The history of the previous values of references is stored in .git/logs:

Shell
$ tree --noreport .git/logs
.git/logs
├── HEAD
└── refs
    ├── heads
    │   └── master
    ├── remotes
    │   └── origin
    │       ├── HEAD
    │       └── master
    └── stash

The above directory tree shows where the history of HEAD is stored: in .git/logs/HEAD.

Each git branch has its own history, under .git/logs/refs/heads. Internally, git refers to branches as heads. This might seem confusing; you will get used to it.

Each remote HEAD has its history stored under .git/logs/refs/remotes/<remote_name>/HEAD.

Each remote branch has its history stored under .git/logs/refs/remotes/<remote_name>/<branch_­name>.

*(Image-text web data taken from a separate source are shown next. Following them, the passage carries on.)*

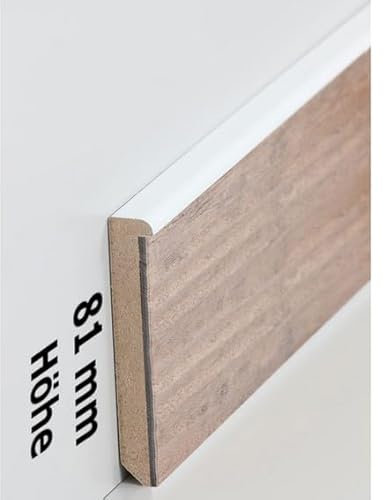 PROVISTON - Battiscopa in MDF, 13 x 81 x 2500 mm, anima in MDF, 12,5 m, 5 pezzi
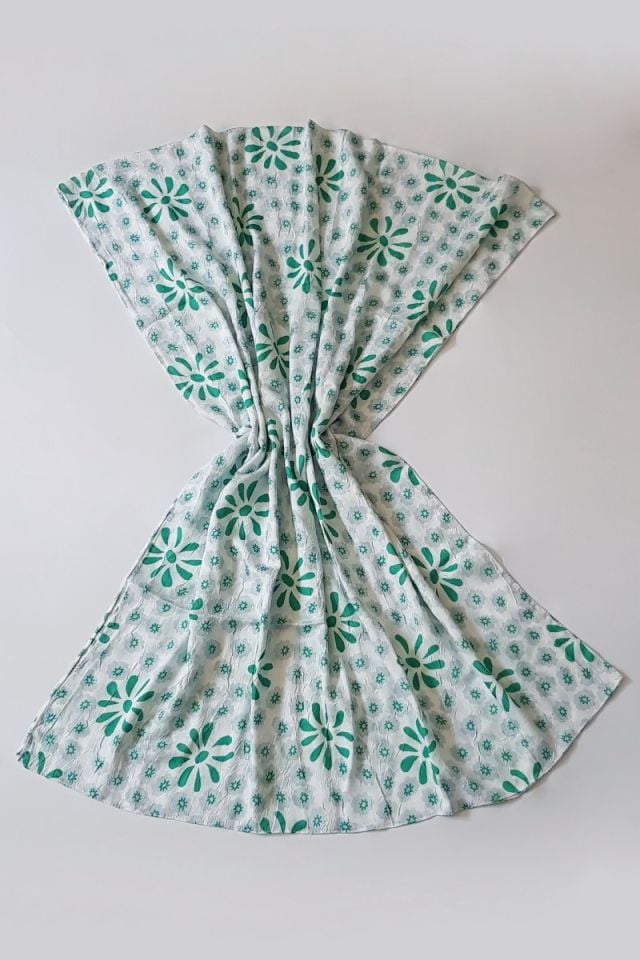Vintage Papatya Desen Bambu Şal - Yeşil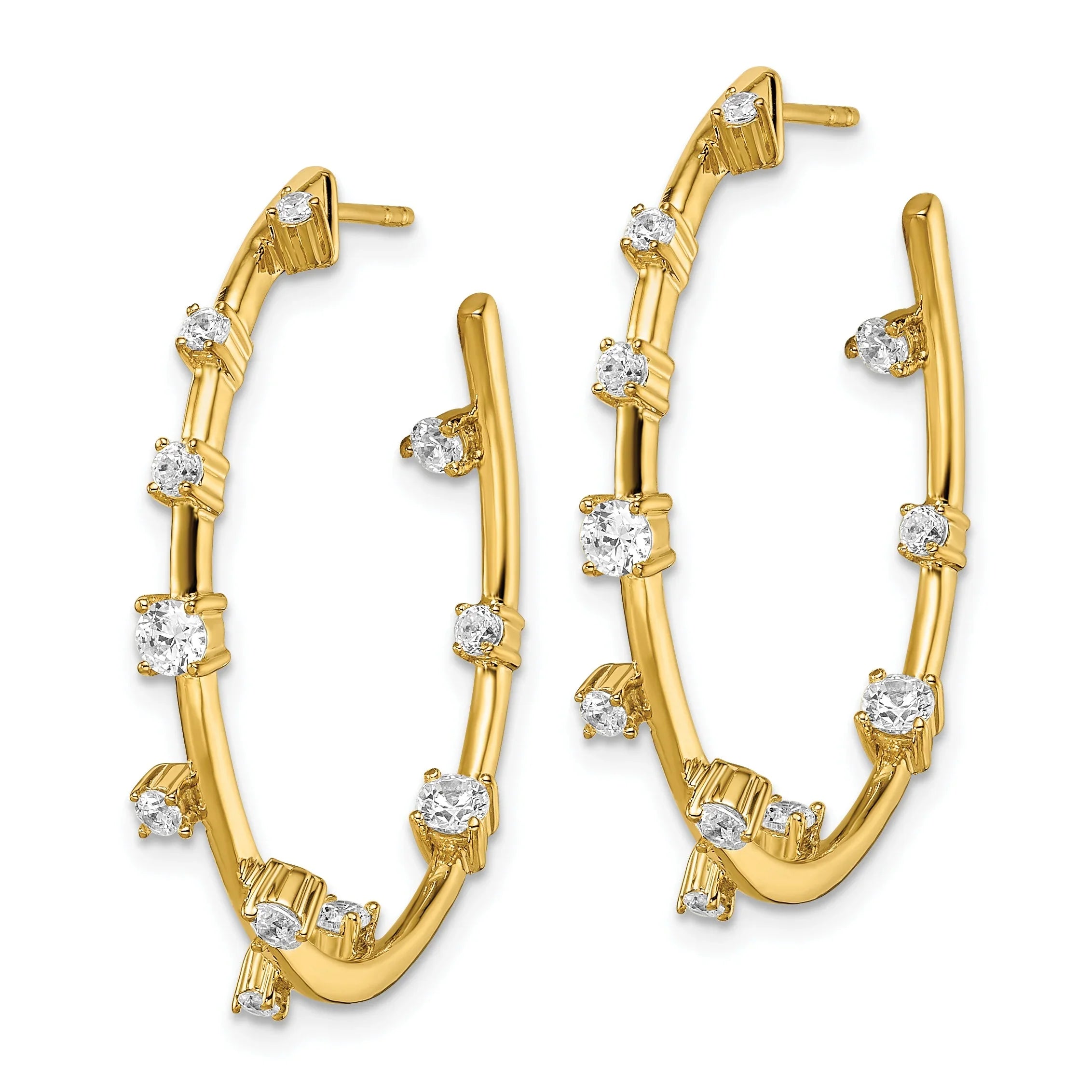 14K Gold Lab Grown Diamond Post Hoop Earrings - Fine Diamond
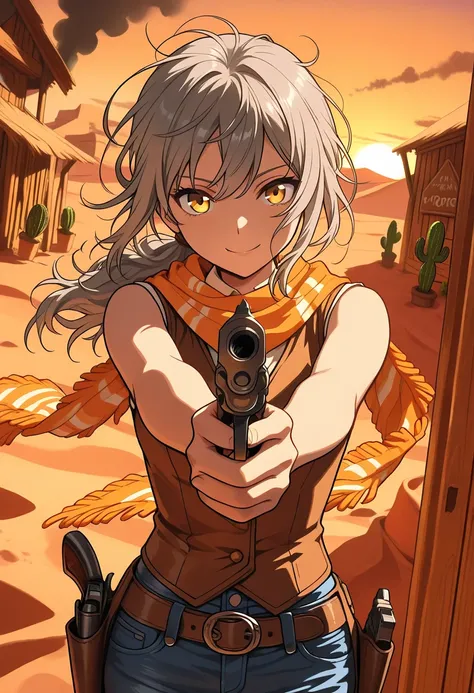 masterpiece, best quality, top quality, desert, sunset, western town, western buildings, wooden buildings, swinging wooden doors, wooden awnings, sign, cactus, facedown bodies, character: close up, dynamic angle, action pose, aiming pistols at pov, messy hair, yellow eyes, upper body, long hair, smile, holding pistol, smoke trailing from pistol, gray hair, low ponytail, , cowboy hat, brown sleeveless vest, white sleeveless collared shirt, denim jeans, gun holster, scaled scarf, upper body, thin legs, thin thighs, orange splash effect, orange flash from pistols,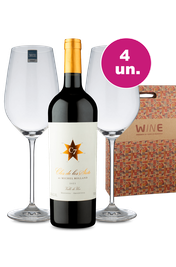 Kit Presente - Clos de Los Siete + Par de Ta&ccedil;as de Cristal + Caixa de Presente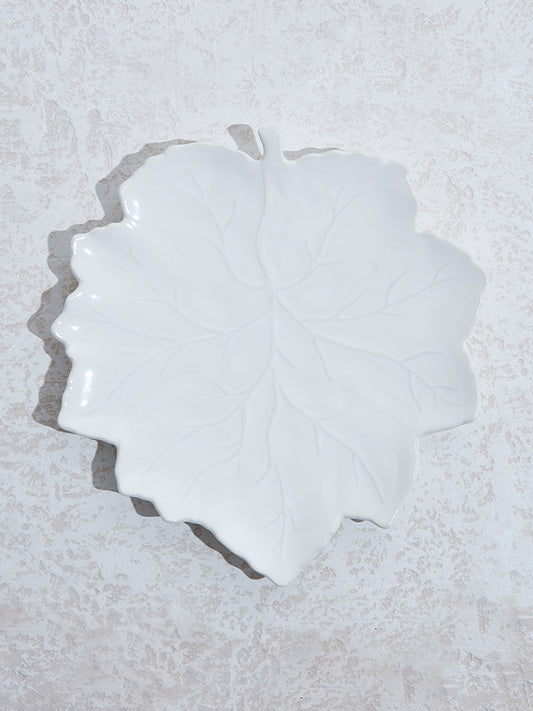 Westside Home White Leaf Design Platter - Small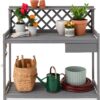 Best Choice Products Outdoor Garden Potting Bench, Wooden Workstation Table w/Cabinet Drawer, Open Shelf, Lower Storage, Lattice Back - Gray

Access the reference log by indexing a reference @{using braces}, preceded by an @ character. For example, the previous HEAD can be written like this: HEAD@{1}.

Terms

The Git Glossary defines many terms, and StackOverflow clarifies them. I have expanded on some definitions:

Commit-ish
The SHA of a commit, or an annotated tag that points at a commit. All commit-ish references are also tree-ish.
Tree-ish
Any identifier that points to a subdirectory tree. Git refers to directories as trees and tree objects. The general form is: <rev>:<path>.
To break this down, first there might be an optional prefix, delimited by a colon (:), followed by the name of the blob or tree at the given path.
For example: HEAD:README, :README, master:path/to/file, and master:README.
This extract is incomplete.